Everybody except me decided to wake at 2:30 in the
morning and go watch the sun rise from a place half way to the top of
Popo. As it turned out, they had a
pretty bad time of it, returned at 7:30 a.m. and went to sleep at which time I
got up, determined to make an assault on Popo by myself.
At 14,000 feet every step is an exertion and I was
forced to take baby steps. The final
climb, from 14,000 to 18,000 feet (17,887') is pretty much all on black
volcanic sand and walking is not very easy.
I made it up half way to a hut called Las Cruces (the
Crosses) where there are a bunch of graves of people who didn’t make it. There I met two Mexicans who gave me a ham
sandwich and some water. We decided to
go for it together, up to the crater but they quit pretty quickly and after
awhile they became little specks on the black sand behind me.
Now let me tell you, this was the hardest thing I have
ever done.

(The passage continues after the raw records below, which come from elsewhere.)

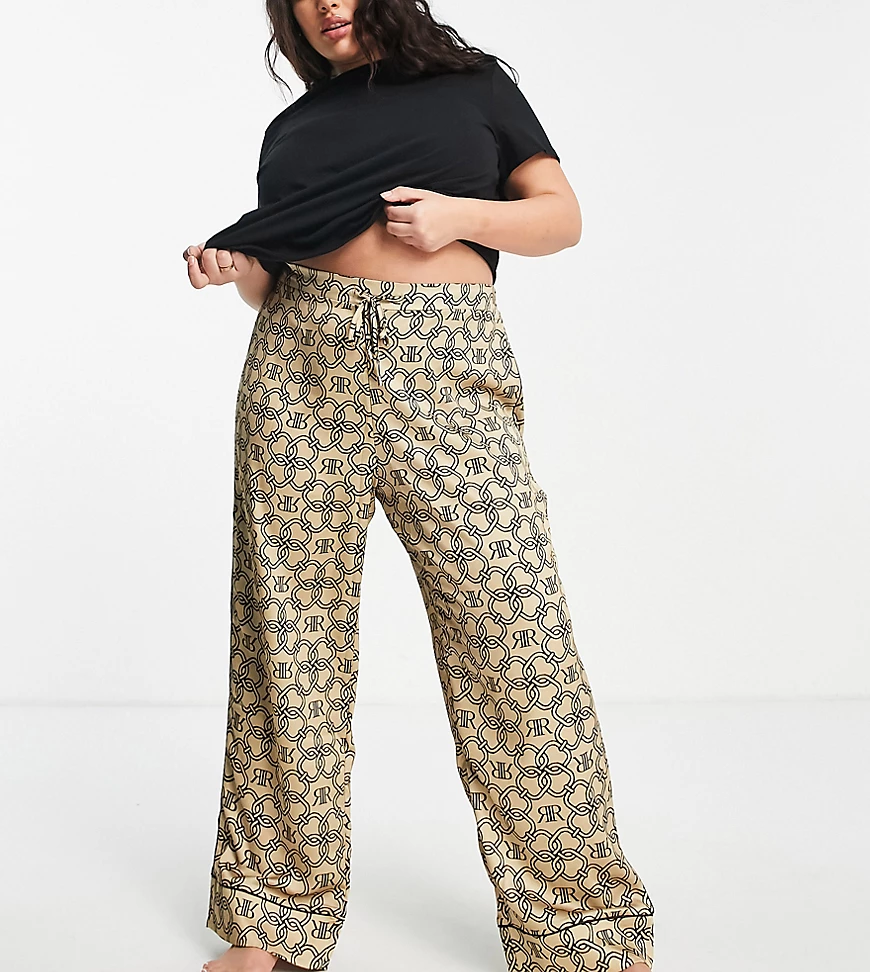 River Island Plus – Pyjamahose in Beige mit Monogramm-Muster-Neutral günstig online kaufen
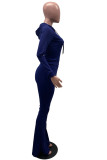 Red Fashion Casual Solid Basic Hooded Collar Long Sleeve Two Pieces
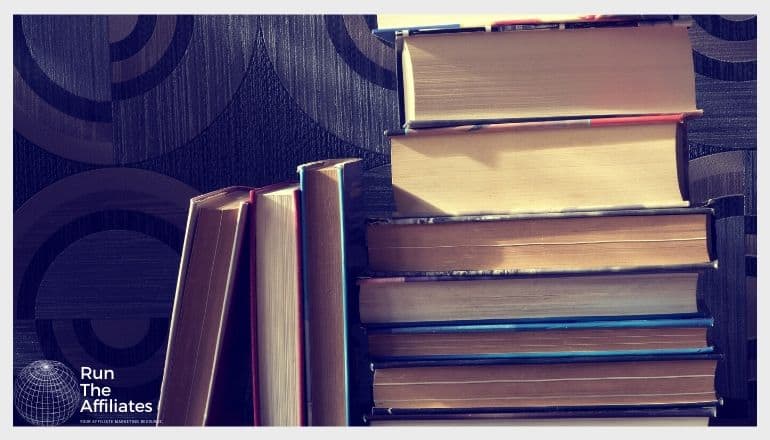 stack of books on a table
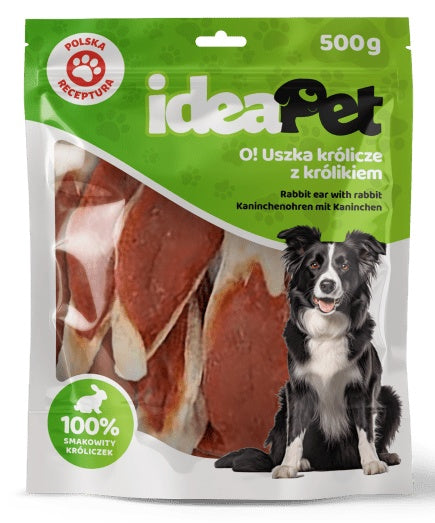 ideapet uszka królicze z królikiem 500g - naturalny gryzak dla higieny zębów - Image 2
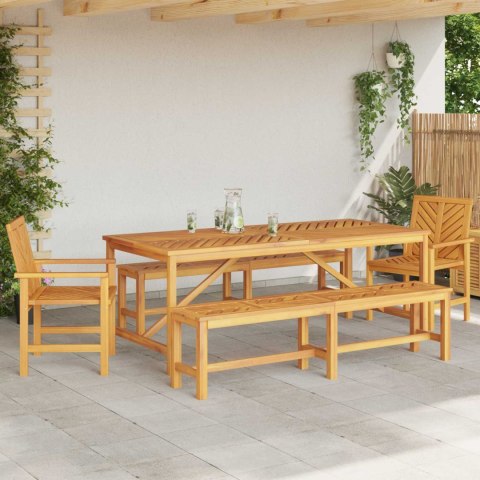 Zestaw do jadalni w ogrodzie 5 pcs Brązowy Lite Drewno Akacji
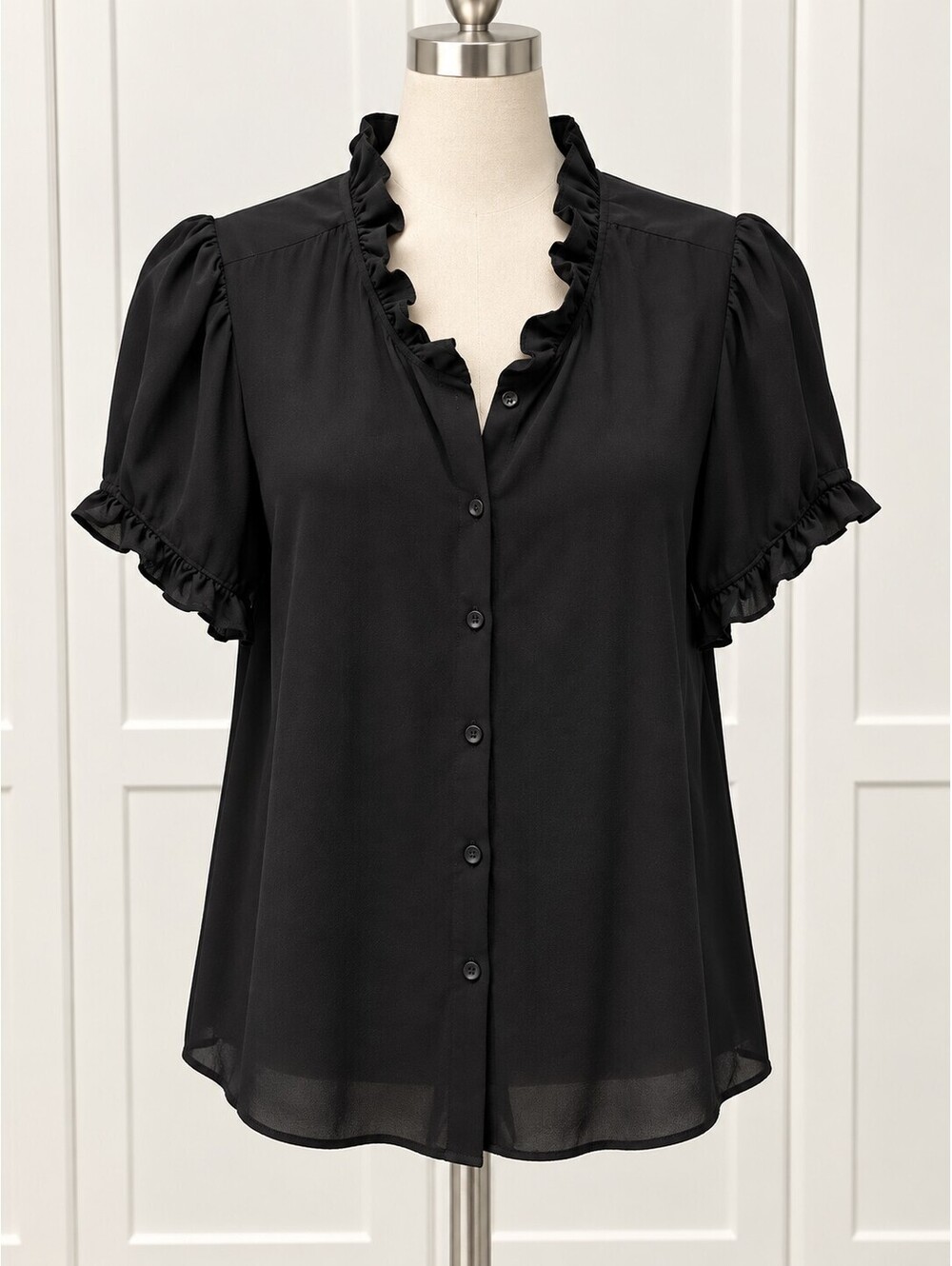 Black Ruffle Short Sleeve Button-Front Blouse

From Las Cruces to the summit
is a steep incline through sticking sand and snow and remains of mud slides,
and the air thins out fast, making it impossible to go more that 5 yards at a
time without sitting down and resting. It was incredibly exhausting. I was dizzy and had a throbbing headache. My
muscles ached but I felt since I had made it that far, I could never forgive
myself for not going all the way. I will say that I was a bit scared, but I was
determined that no Popo was going to do me in!
Page
2
At
the top, the last 300 yards was total agony; it was the steepest part of the
climb and I was more tired
than
ever but I finally made it to the rim of the crater. It was a big crater and I
didn’t expect there to be any action inside, but down in the crater were bubbling
pools of lava and sulfur gas clouds were stinking up the whole place. It was truly awesome, like hell in a
hole. I expected just a dead crater and
was definitely freaked out to see all those pools of yellow muck and gas clouds
and plumes coming out of the sides and the bottom of the crater.
Not
ever having been to 18,000 feet on solid earth, I found the views spectacular
and the vistas endless. I was above all the clouds, like in an airplane. I
could see the top of Ixta rising out of the cloud The whole scene had a kind of dreamlike quality. In time, I began to wonder how I could find
the energy to get back down, not wanting to be caught in an evening snowstorm
that seemed to be brewing. I walked all
around the crater, taking everything in, conscious of the primeval forces of
the earth. Finally I got to a place that
looked good for a rapid descent through the sand. I drank in the view, gazed for one last time
into the crater and started down. This
was really fun. Four thousand feet of downhill frolic in the sand! The same steep slopes I had just struggled
up, I was now with little or no effort gliding down and down, jumping like a
kangaroo or zigzagging back and forth, sliding, falling onto my butt in a big
skid, and kind of whimsically thinking about Tarzan outrunning the lava flow
with Jane in his arms or more realistically how fast I could run if the boiling
volcano decided to throw up.
When
I got down to about 16,000 feet, I met the Mexicans again, sitting in the
sand. With my relatively primitive
Spanish, I told them all about the crater and the view; they seemed to be
inspired and decided to go for it again.
I hope they made it, because it snowed really hard that night and they
just had one sleeping bag.
It
took me about two hours to get down from the top and six hours to go up. It was a total of twelve miles altogether and
when I finally got back to the hostel, I must have looked like I had been to
hell and back. I could hardly walk, had
a throbbing headache but I took a long hot shower and popped a few extra
strength Tylenols afterwards and ate a burger and fries at the restaurant. It
felt really good, having conquered the volcano and experiencing a few firsts: climbed
to 18,000 feet, saw a live volcano churning away and pushed myself near the
limits of my endurance, and came through with even more confidence in my
mountain climbing.
My
face was burned to a crisp and I learned that the sun’s rays are stronger at
higher altitudes. I just didn’t realize
how cooked I was getting, it wasn’t really hot, and it wasn’t particularly
cold, but my face was oozing and cracked like a fried pig skin and it really
hurt. But soon it would peel and be back
to normal.
On
the bus back down to Amecameca, we saw a car that had skidded off the road and
was way down in the bushes (everybody was OK) and farther down, a dead man
lying beside the road. All along the
road were Indian women with lean-tos, selling tortillas and soda pop. There was a big sign down at the bottom, near
Amecameca, that said La Fuerza de La Razon (the Force of Reason) and there were
about 30 Indian kids throwing rocks at it.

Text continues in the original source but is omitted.